ÖDLAND ET SA MUSIQUE DÉLICIEUSEMENT VINTAGE.
Article publié dans le journal Le Progrès le 12 avril 2010
Ödland s’est fédéré autour du piano de Lorenzo Papace. L’univers musical et visuel du groupe acoustique lyonnais est très fertile en surprises. Etrange et bouleversant, il fait référence à «Alice au pays des merveilles» et aux contes scandinaves. D’une voix charmeuse, la chanteuse et comédienne Alizée Bingöllü, nous invite à passer en permanence de l’autre côté du miroir.

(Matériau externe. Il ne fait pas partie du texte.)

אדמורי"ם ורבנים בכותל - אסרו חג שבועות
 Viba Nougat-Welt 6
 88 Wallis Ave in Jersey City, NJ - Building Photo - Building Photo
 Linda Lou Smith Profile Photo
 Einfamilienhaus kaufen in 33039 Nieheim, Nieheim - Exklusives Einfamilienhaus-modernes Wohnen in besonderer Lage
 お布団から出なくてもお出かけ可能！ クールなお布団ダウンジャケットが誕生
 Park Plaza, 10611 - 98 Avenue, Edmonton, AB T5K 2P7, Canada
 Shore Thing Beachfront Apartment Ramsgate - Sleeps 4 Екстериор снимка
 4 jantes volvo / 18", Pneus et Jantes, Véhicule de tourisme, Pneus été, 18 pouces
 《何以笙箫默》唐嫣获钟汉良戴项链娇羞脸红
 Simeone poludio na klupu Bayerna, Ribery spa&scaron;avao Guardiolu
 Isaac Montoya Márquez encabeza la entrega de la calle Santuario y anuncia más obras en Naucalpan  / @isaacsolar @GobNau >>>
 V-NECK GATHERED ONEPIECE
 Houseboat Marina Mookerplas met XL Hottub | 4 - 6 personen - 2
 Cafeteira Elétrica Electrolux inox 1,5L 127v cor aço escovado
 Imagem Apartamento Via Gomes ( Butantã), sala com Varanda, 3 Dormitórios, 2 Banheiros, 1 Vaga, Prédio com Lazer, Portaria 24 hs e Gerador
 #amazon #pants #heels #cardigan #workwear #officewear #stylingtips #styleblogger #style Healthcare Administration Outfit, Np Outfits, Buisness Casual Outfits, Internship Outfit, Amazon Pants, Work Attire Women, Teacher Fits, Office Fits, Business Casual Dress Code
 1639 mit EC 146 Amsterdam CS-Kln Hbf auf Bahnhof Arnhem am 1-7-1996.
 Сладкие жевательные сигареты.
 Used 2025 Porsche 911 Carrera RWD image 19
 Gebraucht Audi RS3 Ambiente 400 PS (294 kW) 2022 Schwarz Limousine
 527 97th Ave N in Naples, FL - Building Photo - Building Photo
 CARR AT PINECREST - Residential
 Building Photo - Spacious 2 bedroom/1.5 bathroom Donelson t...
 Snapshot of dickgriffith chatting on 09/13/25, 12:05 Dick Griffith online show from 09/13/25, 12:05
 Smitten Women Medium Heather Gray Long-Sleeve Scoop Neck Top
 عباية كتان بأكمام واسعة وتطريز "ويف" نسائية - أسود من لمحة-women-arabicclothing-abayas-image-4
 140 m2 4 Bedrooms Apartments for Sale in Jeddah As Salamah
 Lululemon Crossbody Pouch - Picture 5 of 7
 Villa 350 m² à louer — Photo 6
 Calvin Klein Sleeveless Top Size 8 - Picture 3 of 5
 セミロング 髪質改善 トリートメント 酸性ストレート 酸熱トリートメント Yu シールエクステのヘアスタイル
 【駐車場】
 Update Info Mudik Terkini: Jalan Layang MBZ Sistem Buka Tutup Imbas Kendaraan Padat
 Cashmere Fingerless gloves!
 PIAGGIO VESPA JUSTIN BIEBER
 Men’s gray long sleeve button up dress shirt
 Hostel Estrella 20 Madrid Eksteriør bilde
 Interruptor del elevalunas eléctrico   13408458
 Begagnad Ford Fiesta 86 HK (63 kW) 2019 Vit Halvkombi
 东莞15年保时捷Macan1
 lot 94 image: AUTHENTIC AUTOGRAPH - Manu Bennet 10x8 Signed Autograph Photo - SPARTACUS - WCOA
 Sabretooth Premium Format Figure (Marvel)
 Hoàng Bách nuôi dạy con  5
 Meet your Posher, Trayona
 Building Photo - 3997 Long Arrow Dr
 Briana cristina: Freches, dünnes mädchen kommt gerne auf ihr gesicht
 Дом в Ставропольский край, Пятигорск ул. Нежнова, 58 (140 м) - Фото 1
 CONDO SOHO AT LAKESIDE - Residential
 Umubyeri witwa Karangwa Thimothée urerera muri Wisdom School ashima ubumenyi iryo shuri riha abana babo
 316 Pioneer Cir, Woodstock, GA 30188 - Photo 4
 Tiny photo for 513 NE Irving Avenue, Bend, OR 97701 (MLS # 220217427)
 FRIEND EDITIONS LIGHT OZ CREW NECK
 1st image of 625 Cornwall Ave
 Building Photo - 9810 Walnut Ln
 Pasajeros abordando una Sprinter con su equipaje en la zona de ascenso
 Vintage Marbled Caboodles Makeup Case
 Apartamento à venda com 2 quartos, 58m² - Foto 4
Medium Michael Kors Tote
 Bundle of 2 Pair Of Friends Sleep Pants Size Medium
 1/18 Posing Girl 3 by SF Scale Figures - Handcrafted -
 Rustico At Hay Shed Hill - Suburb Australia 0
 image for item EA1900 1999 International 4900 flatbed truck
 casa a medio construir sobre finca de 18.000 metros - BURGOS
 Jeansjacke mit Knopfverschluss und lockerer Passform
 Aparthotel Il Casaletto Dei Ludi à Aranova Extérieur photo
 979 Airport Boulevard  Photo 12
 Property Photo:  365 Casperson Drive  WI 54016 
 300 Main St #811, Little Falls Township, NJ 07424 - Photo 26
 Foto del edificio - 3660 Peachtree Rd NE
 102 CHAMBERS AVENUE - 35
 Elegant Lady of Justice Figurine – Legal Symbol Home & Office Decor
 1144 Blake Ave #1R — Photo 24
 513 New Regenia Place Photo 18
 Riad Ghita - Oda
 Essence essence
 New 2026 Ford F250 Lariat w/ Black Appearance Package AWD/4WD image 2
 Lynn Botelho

Elle a le chic pour susurrer des ballades oniriques délicieusement vintage. La bande de copains où sévit une créative émulation vient de la scène des musiques actuelles. Elle bénéficie également des talents de la photographe Isabelle Royet-Journoud, de la violoniste Léa Bingöllü et de la violoncelliste Alice Tahon. Le nouvel album « Ottocento » est un condensé chromatique des différentes facettes de l’imaginaire fantasmagorique du quatuor. Le répertoire est poétique, teinté de mélancolie, de jazz, de folk russe etc. Les cordes apportent une ambiance très particulière, qui réveille tous nos sens.
OTTOCENTO – REVUE DU WEBZINE TEA
(http://whatalovelytea.blogspot.com) 6 avril 2010.
Depuis dix jours, je fais chaque nuit le même rêve. Oh, il s’y passe toujours de différentes péripéties, mais la trame principale reste la même. Je suis au Pays des Merveilles, ni plus ni moins. Et celui de Lewis, s’il vous plaît, celui du XIXème siècle, avec ses pages jaunies et ses jolies illustrations de l’auteur en noir et blanc, pas celui de Tim, d’aujourd’hui, avec ses vedettes américaines et sa technologie 3D. Au XIXème siècle et donc dans mon rêve, il n’y a pas de cinéma, les frères Lumières sont encore des bambins.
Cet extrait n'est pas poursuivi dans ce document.